Molmo and PixMo: a new way to build vision-language models

3 min read

Molmo and PixMo: A New Way to Build Vision-Language Models

The field of vision-language models (VLMs) is rapidly evolving, but much of the progress is locked behind closed doors. Proprietary models and datasets hinder research and collaboration. Molmo and PixMo offer a refreshing change, ushering in a new era of open development for VLMs.

The Problem with Closed-Source VLMs

Most of today's cutting-edge VLMs are proprietary. Companies keep their models, training data, and even their code secret. This secrecy makes it difficult for the research community to understand how these models work, reproduce their results, and build upon existing advancements. It stifles innovation and limits the potential of VLMs.

Enter Molmo and PixMo: Open for All

Molmo is a family of open-source VLMs, and PixMo is the unique, open dataset they are trained on. This openness is a game-changer. Researchers can now access the models, the data, and the code, fostering transparency and collaboration. Learn more in the paper and try the demo online.

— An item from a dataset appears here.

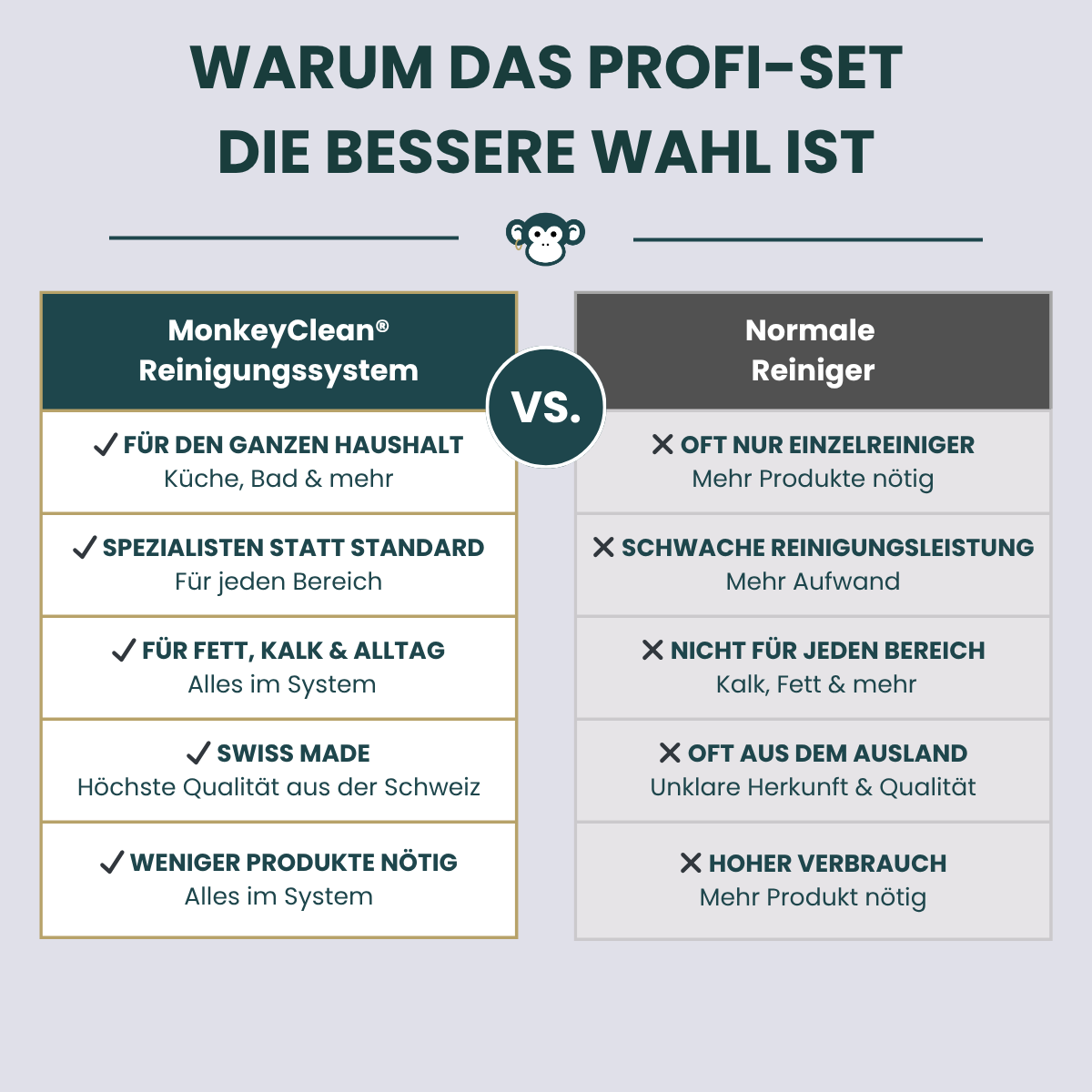 MonkeyClean® Profi-Reiniger – Kennenlern-Set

The Secret Sauce: PixMo's Innovative Data

What makes PixMo stand out? Unlike many open VLM datasets that rely on synthetic data generated by other (often proprietary) VLMs, PixMo is built from the ground up with rich, human-generated descriptions of images. The team employed a novel data collection method: they asked people to talk about images rather than write, encouraging more natural and detailed descriptions. They even recorded the audio to ensure the data's authenticity.

Pointing the Way to the Future

PixMo also includes a groundbreaking new data type: pointing data. This data teaches Molmo to pinpoint specific elements within images, enabling it to answer location questions ("where is it?"), count objects precisely, and even provide visual explanations for its answers. This pointing ability opens up exciting possibilities for VLMs interacting with the real world, such as controlling robots or interpreting visual information in complex environments.

Impressive Performance

Evaluation Results for Molmo

The results speak for themselves. Molmo, trained on PixMo, achieves impressive performance, rivaling and even surpassing some of the leading proprietary VLMs. MolmoE-1B, the most efficient model, performs comparably to GPT-4V, a powerful closed-source VLM. The most advanced Molmo model outperforms several other proprietary models, demonstrating the potential of open-source development.

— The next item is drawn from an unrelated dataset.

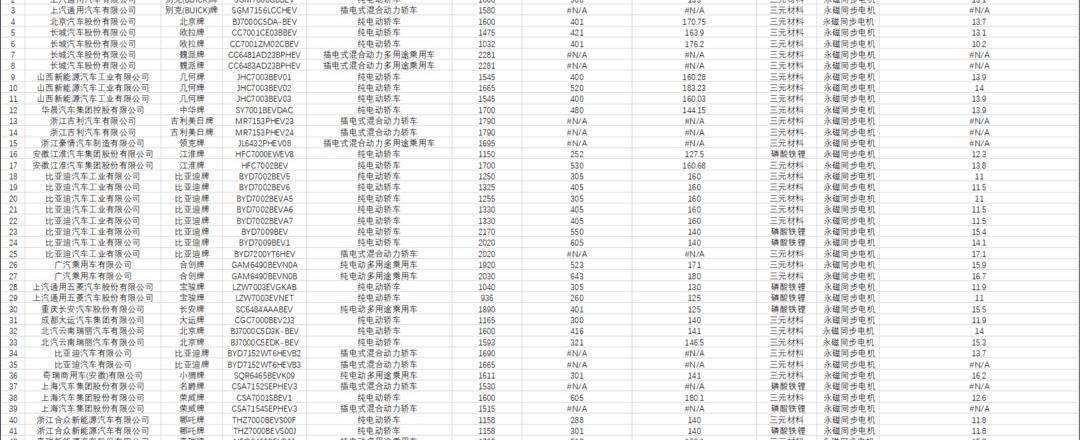 BYD, Han, Beijing, Hechuang, Roewe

A Win for Open Science and Open Source

Molmo and PixMo represent a significant step forward for VLM research. Their open-source nature democratizes access to cutting-edge technology, fosters collaboration, and accelerates innovation. This commitment to open source empowers the community to build upon these foundations, driving progress and broadening the impact of VLMs. This is a victory for open science and paves the way for a more transparent and collaborative future in the development of vision-language models.